Set down every entry again exactly as it stands below.

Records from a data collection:
◇ ◇ ◇ ◇ ◇ ◇ ◇

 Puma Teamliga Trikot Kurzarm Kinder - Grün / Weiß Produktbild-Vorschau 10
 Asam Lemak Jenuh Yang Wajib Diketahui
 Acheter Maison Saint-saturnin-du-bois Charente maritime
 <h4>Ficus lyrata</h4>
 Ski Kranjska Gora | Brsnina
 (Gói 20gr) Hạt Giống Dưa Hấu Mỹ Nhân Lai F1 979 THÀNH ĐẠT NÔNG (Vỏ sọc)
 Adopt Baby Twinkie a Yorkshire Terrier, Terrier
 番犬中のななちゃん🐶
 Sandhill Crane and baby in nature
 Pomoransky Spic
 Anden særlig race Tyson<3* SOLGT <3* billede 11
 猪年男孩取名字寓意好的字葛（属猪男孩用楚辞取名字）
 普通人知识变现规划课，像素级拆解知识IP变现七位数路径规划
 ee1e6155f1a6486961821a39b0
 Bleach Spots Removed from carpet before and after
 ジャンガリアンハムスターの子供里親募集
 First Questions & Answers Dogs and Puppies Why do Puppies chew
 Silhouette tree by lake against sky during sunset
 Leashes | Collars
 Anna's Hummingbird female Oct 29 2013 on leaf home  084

◇ ◇ ◇ ◇ ◇ ◇ ◇

Task answer ->
 Puma Teamliga Trikot Kurzarm Kinder - Grün / Weiß Produktbild-Vorschau 10
 Asam Lemak Jenuh Yang Wajib Diketahui
 Acheter Maison Saint-saturnin-du-bois Charente maritime
 <h4>Ficus lyrata</h4>
 Ski Kranjska Gora | Brsnina
 (Gói 20gr) Hạt Giống Dưa Hấu Mỹ Nhân Lai F1 979 THÀNH ĐẠT NÔNG (Vỏ sọc)
 Adopt Baby Twinkie a Yorkshire Terrier, Terrier
 番犬中のななちゃん🐶
 Sandhill Crane and baby in nature
 Pomoransky Spic
 Anden særlig race Tyson<3* SOLGT <3* billede 11
 猪年男孩取名字寓意好的字葛（属猪男孩用楚辞取名字）
 普通人知识变现规划课，像素级拆解知识IP变现七位数路径规划
 ee1e6155f1a6486961821a39b0
 Bleach Spots Removed from carpet before and after
 ジャンガリアンハムスターの子供里親募集
 First Questions & Answers Dogs and Puppies Why do Puppies chew
 Silhouette tree by lake against sky during sunset
 Leashes | Collars
 Anna's Hummingbird female Oct 29 2013 on leaf home  084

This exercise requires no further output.